Teñirse de rubio

Los vanos esfuerzos por seducir a una audiencia que detesta al peronismo

Nino Manfredi con barniz suizo, en Pan y chocolate.

 

En 1974 se estrenó Pan y chocolate (Pane e cioccolata) de Franco Brusati, una maravillosa commedia all‘italiana con Nino Manfredi y Anna Karina. Manfredi, coguionista de la película, interpreta a Nino Garofalo, un inmigrante italiano que trabaja como camarero en Suiza. Luego de violar las estrictas normas de convivencia urbana al mear en la calle, Nino pierde su permiso de trabajo, aunque decide seguir como clandestino antes que volver derrotado a su país. Conoce entonces a una inmigrante griega (Elena, interpretada por Anna Karina), también ilegal, quien vive con su hijo y –como ocurre hoy con miles de residentes extranjeros en Estados Unidos– convive con el miedo permanente a ser deportada.

Nino es lo que en alemán se llama Gastarbeiter, es decir, un “trabajador invitado”, una modalidad implementada en la Alemania de posguerra para compensar la falta de mano de obra local para empleos poco calificados en sectores como minería o construcción. En 1955, Alemania firmó el primer acuerdo de contratación de trabajadores con Italia. Posteriormente firmaría otros con Grecia, Turquía, Portugal y España. El objetivo no era que esos trabajadores se quedaran en Alemania (como tampoco lo era en Suiza), pero su ingreso creciente al país (a principios de 1970, los Gastarbeiter eran ya más del 10% de la población activa de Alemania) tornó discutible esa restricción inicial. La gente, al fin y al cabo, siempre busca vivir mejor.

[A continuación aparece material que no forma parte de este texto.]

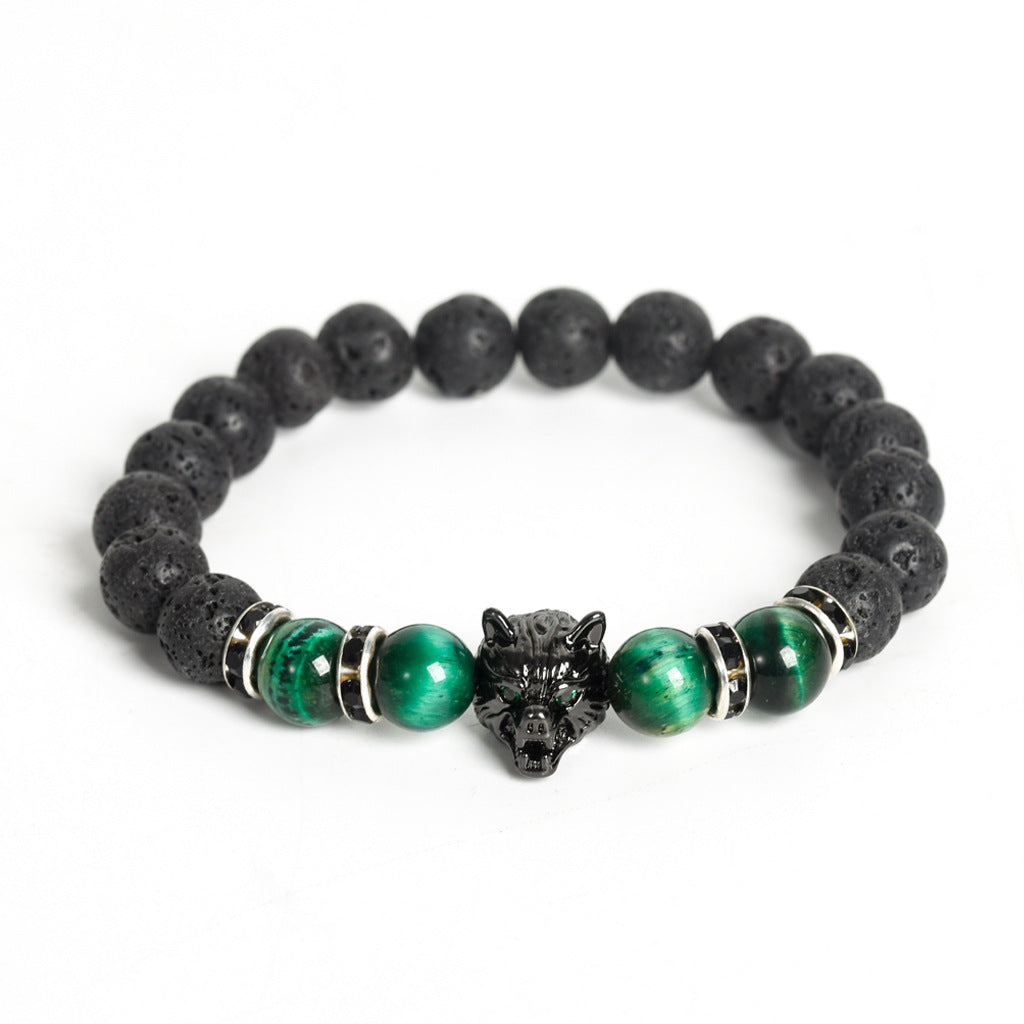 European and American volcanic stone wolf head creative men's gift exquisite crystal creative Christmas bracelet trendy high-end bracelet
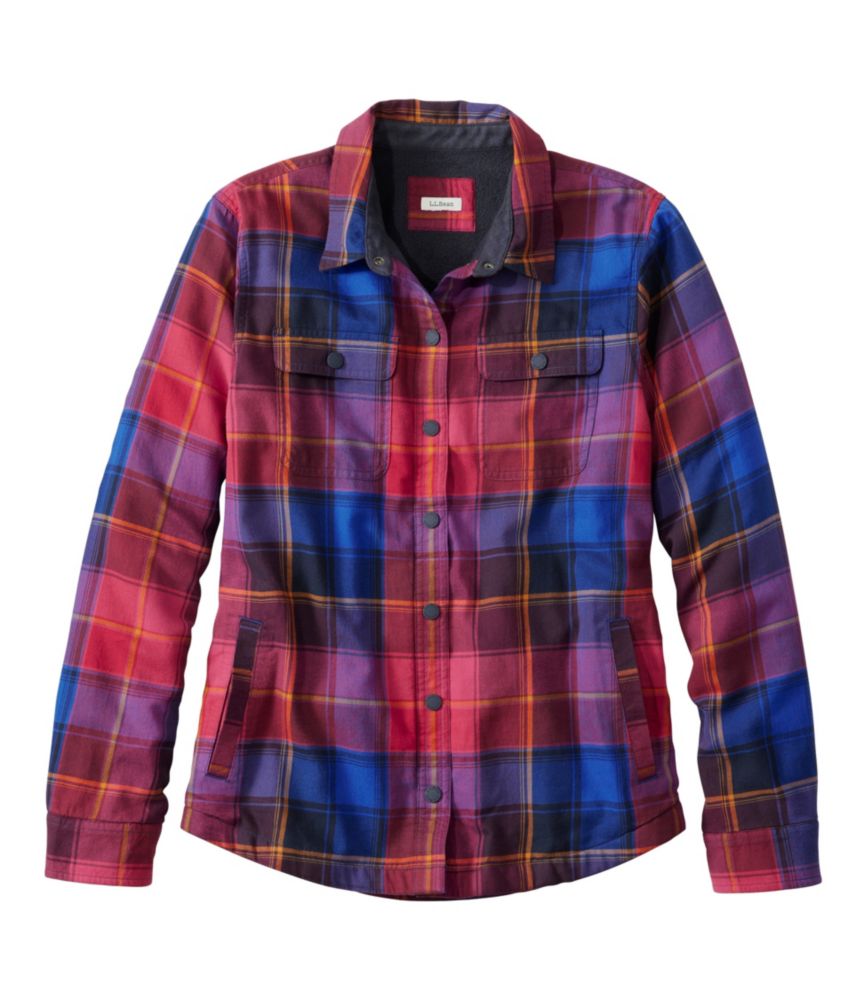 Ll bean womens fleece lined flannel best sale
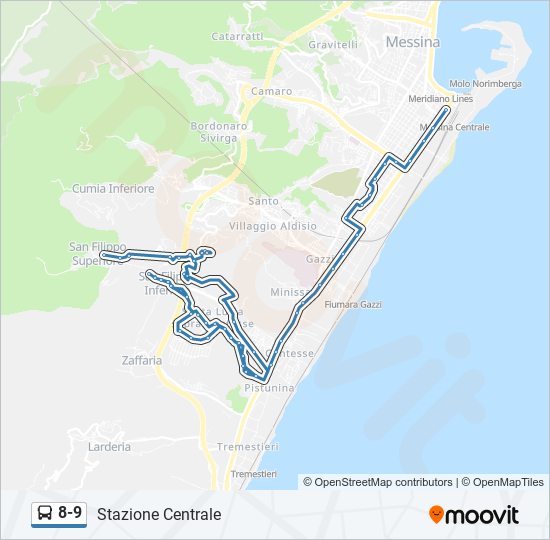 8-9 bus Line Map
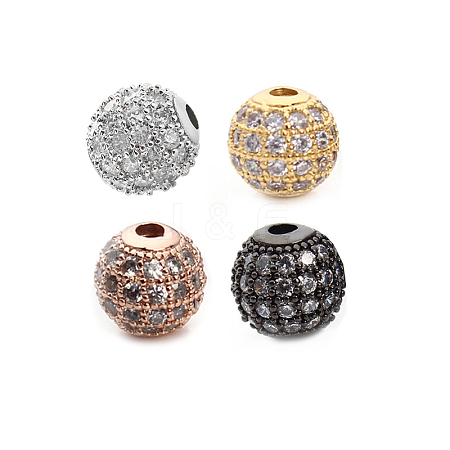 CZ Brass Micro Pave Grade AAA Clear Color Cubic Zirconia Round Beads KK-O065-6mm-05-NR-1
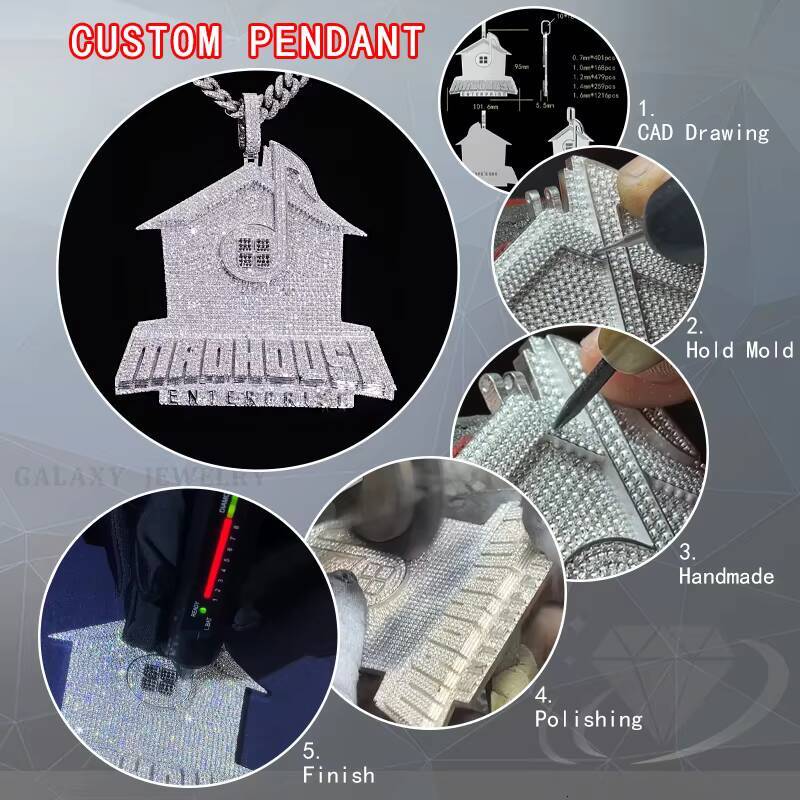 Custom Moissanite Pendant Letter Initial Necklace Chain 925 Silver Hip Hop Vvs Baguette Iced Out Moissanite Name Pendant Men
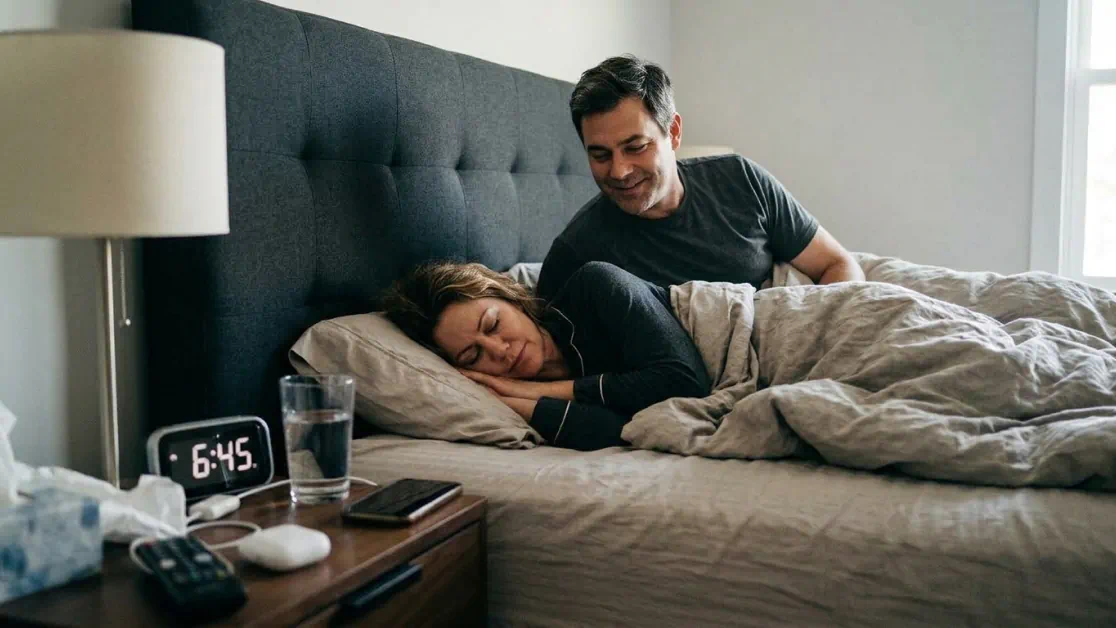 Alarm clock at 6:45 with the wife still asleep next to her husband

Nino pierde sus ahorros a manos de un industrial italiano de buena voluntad, pero con escasa habilidad financiera, y pese al apoyo de Elena no logra mejorar su suerte. Se ve obligado a encontrar refugio en una especie de gallinero, donde vive y trabaja un grupo de napolitanos clandestinos. Desde ahí ve a unos jóvenes suizos bañarse en el río. El contraste entre los rubios ciudadanos integrados y los morochos precarios y excluidos no puede ser más cruel. Nino decide entonces transformarse en uno de ellos. Se tiñe el pelo, se viste bien y va a un café a disfrutar de su nueva condición. Pero su reciente barniz suizo no resiste la pasión que le genera, desde un televisor encendido, la selección italiana de fútbol. Al principio logra contenerse con alguna dificultad e interpretar el papel de local, pero cuando “gli Azzurri” marcan, grita el gol del mediocampista Fabio Capello, confesando con pasión ya indisimulable su verdadera condición. Al final, es apresado y deportado. Rechaza el ofrecimiento de ayuda de Elena: la posibilidad de un permiso de trabajo. Vuelve a Italia, junto a otros Gastarbeiter.

 

 

Nino no pudo, o tal vez no quiso, hablar la lengua de ellos, los integrados. Eligió, justo cuando parecía poder lograr lo contrario, ser lo que finalmente era.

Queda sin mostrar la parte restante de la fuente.